The bottom example (b) is partially decoded; the decoding looks like this (where the x's indicate "don't care" lines -- note the top example has no x's, that's why it is considered fully decoded):
A15 14 13 12 11 10 9 8 7 6 5 4 3 2 1 0
2Kx8 EPROM 0 x x x x A A A A A A A A A A A
2x8K RAM 1 0 x x x A A A A A A A A A A A
PIO 1 1 x x x x x x x x x x x x A A
Once again The 2K devices (EPROM and RAM) require 11 address bits A0 thru A10. Only the top bit is used to enable the CS line of the EPROM, and the top two bits are used to select the CS lines of the RAM and PIO.
Due to the partial decoding, the EPROM can be addressed using the following ranges 0x0000 thru 0x7FFF, or broken up into 2K blocks,
0x0000 thru 0x07FF, 0x0800 thru 0x0FFF, 0x1000 thru 0x17FF, 0x1800 thru 0x1FFF,
0x2000 thru 0x27FF, 0x2800 thru 0x2FFF, 0x3000 thru 0x37FF, 0x3800 thru 0x3FFF,
0x4000 thru 0x47FF, 0x4800 thru 0x4FFF, 0x5000 thru 0x57FF, 0x5800 thru 0x5FFF,
0x6000 thru 0x67FF, 0x6800 thru 0x6FFF, 0x7000 thru 0x77FF, 0x7800 thru 0x7FFF
The RAM is almost the same, except the high bit A15 is 1 and A14 is 0. (A14 differentiates the RAM from the PIO, which also has the high bit set.) It can be addressed using the following ranges 0x8000 thru 0xBFFF, or broken up into 2K blocks,
0x8000 thru 0x87FF, 0x8800 thru 0x8FFF, 0x9000 thru 0x97FF, 0x9800 thru 0x9FFF,
0xA000 thru 0xA7FF, 0xA800 thru 0xAFFF, 0xB000 thru 0xB7FF, 0xB800 thru 0xBFFF
The PIO chip is addressed with the top two address bits high.

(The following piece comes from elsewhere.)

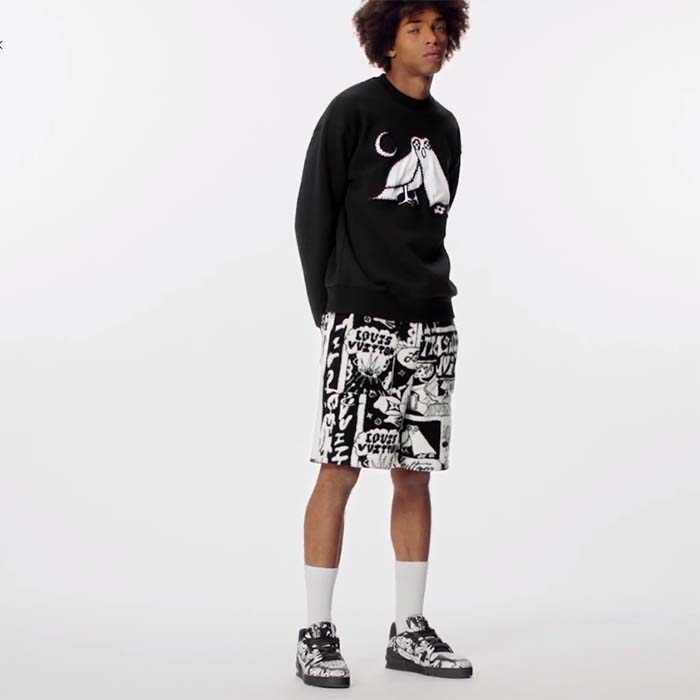 Louis Vuitton Unisex LV Trainer Sneaker Black Printed Canvas Rubber Outsole Monogram Flowers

Assuming the PIO still has only two bits of register addressing, A0 and A1, then bits A2 thru A13 are not decoded, allowing a range of 0xC000 thru 0xFFFF. I'm not going to write out all of the ranges (they're 4096 of them), but they start out as 0xC000 thru 0xC003, and the last range is 0xFFFC thru 0xFFFF.
Looking at the logic equations,
\$\small CS_{EPROM}=\overline{\small {A_{15}}}\,\,\,\,\,\,\$(i.e. CS enabled when \$\small A_{15}\$ is low).
\$\small CS_{RAM}\,\,\,\,\,=\small A_{15}\cdot\overline{\small {A_{14}}}\,\,\$(i.e. CS enabled when \$\small A_{15}\$ is high and \$\small A_{14}\$ is low).
\$\small CS_{PIO}\,\,\,\,\,\,\,=\small A_{15}\cdot A_{14}\,\,\$(i.e. CS enabled when \$\small A_{15}\$ and \$\small A_{14}\$ are both high).